Pour sa troisième exposition personnelle à la galerie Yvon Lambert, l’artiste expose des sculptures qui témoignent des nouvelles orientations prises au sein de son «esthétique de détournement». En menant une réflexion autour de l’appropriation et du «transfert culturel», il enrichit le discours plastique et intellectuel qu’il a hérité de Marcel Duchamp et qu’il a maintes fois décliné et décortiqué.
Nous participons à une confrontation entre l’art et le réel et nous sommes invités à porter un autre regard sur des objets contraints à revêtir une nouvelle identité.

Au fond de la première pièce, face à nous, s’expose dans un environnement blanc et dépouillé, une céramique murale de deux mètres sur trois. Cette composition s’inspire de peintures d’un peuple d’Afrique du Sud, les Ndebele. Soumis à un semi-esclavage sous l’apartheid, cette ethnie a réussi à gagner son autonomie et à faire vivre un art mêlant peinture et architecture. Seules les femmes ornent les façades dont les représentations figuratives restent une exception. Reconnues comme des expertes dans le décor des murs d’enceinte de leurs habitations, elles perpétuent une tradition qui remonte au XVIIIe siècle.

Si les teintes de ces figures géométriques étaient jadis fournies par des substances naturelles, les couleurs vives ont envahi ces fresques avec l’apparition et l’utilisation des peintures industrielles.
Les rêves retranscrits en deux dimensions ont laissé la place à des compostions dénuées de significations particulières. L’artisanat et les nuances réduites dues aux pigments naturels sont supplantées par  les multiples possibilités colorées de la modernisation.

Bertrand Lavier utilise la céramique,  matériau qu’il travaille depuis 2003, et s’approprie ainsi avec un autre médium l’art primitif issu d’une autre culture. En replaçant cet ensemble dans la galerie il lui confère une nouvelle existence et un statut différent.
Confinée à l’intérieur d’un cadre muséal, la fresque ne s’offre plus aux regards des villageois et des passants, comme elle pouvait    ale faire en Afrique. Elle cristallise ici une intention particulière, celle de spectateurs avertis qui viennent découvrir les oeuvres d’un artiste de renom.
Deux sculptures sont présentées dans la même salle.
Metabo, un taille haie recouvert d’acrylique et Embryo, une chaise de Marc Newson. Montés sur des socles, les deux oeuvres prennent des allures de visages inquiétants aux traits difformes et menaçants. Bertrand Lavier cherche à nous sensibiliser au glissement que l’on peut opérer entre un objet du quotidien et une oeuvre d’art en interrogeant les conditions de re-présentation des choses.
Il élimine la fonctionnalité première de ces “outils” pour les enfermer dans une inutilité pratique et les faire accéder à une esthétique inattendue. De nombreux artifices sont convoqués pour parfaire cette transformation. L’artiste intervient picturalement sur l’objet, le retourne, le redresse, lui donne une position inhabituelle. Il l’inscrit dans un lieu d’exposition et le soumet aux critiques plastiques des visiteurs et non plus aux remarques concernant leur plus ou moins grande facilité d’utilisation.

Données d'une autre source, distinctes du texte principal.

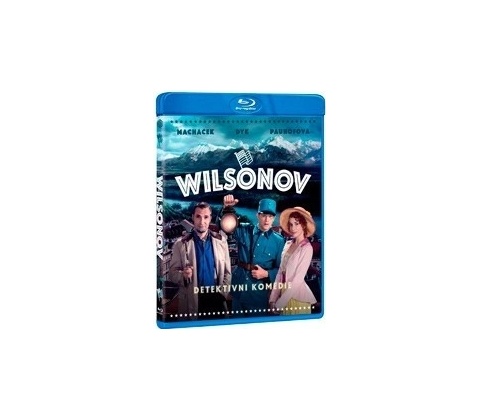 Wilsonov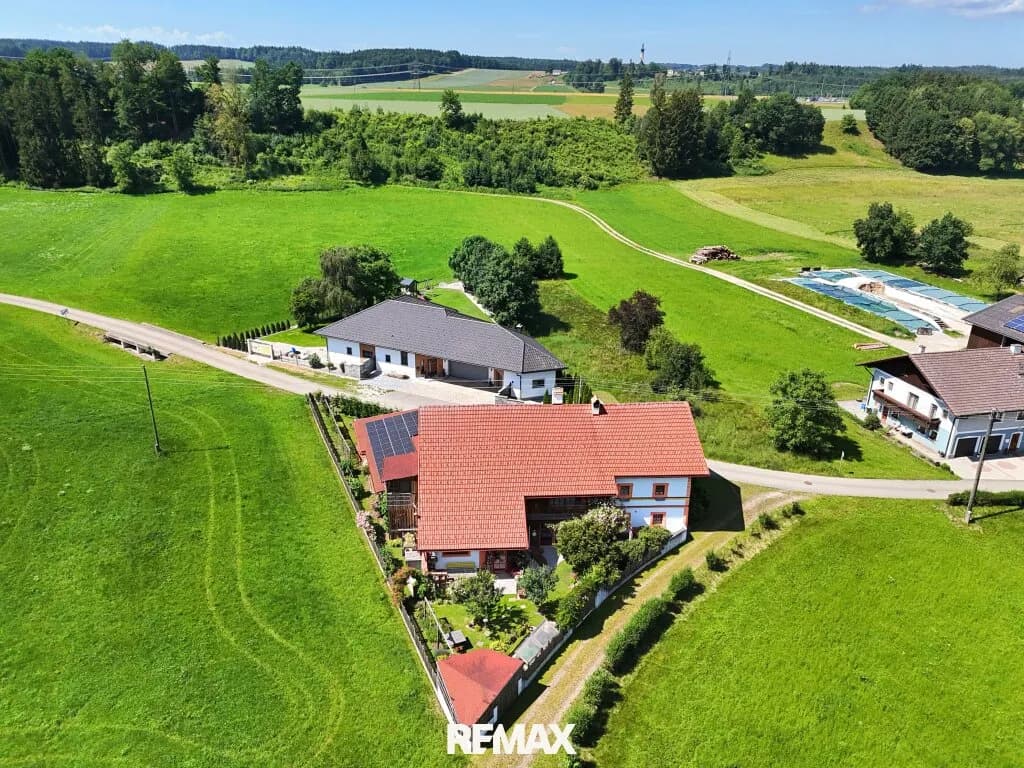 Haus kaufen in Braunau am Inn – 180 m², € 448.000 – Bild 32 von 40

Sous la grande verrière, se succèdent une série de statuettes nigériennes en bronze nickelé. Hissées sur des parallélépipèdes et adossées à des cimaises blanches, ces personnages et ces masques laissent miroiter des reflets argentés qui les rendent plus précieux.
Traditionnellement réalisé en bois et en matériau de récupération ces “ustensiles” destinés à la magie et manipulés lors de cérémonies vaudou perdent ici toutes leurs particularités propres. La standardisation de leur fabrication efface leurs différences matérielles. La rigidité dans laquelle elles sont désormais enfermées, gomme leur aura magique et  les contraints à un rapport frontal avec le visiteur qui ne peut en faire le tour.

Les parois qui se dressent pour l’occasion dans la pièce de la galerie sont semblables à des pages rigides et démesurées d’un livre d’histoire. Elles se suivent les unes derrières les autres, la première cachant la seconde et ainsi de suite. On les contourne, comme on feuilletterait une encyclopédie mais aucun texte ne vient à l’appui de cette investigation. On découvre une autre civilisation ou plutôt l’image déformée et maquillée d’une culture lointaine. Bertrand Lavier nous invite à réfléchir sur cette altération d’identité et sur le statut d’oeuvre d’art attribué tardivement par l’Occident à ces objets du quotidien africain.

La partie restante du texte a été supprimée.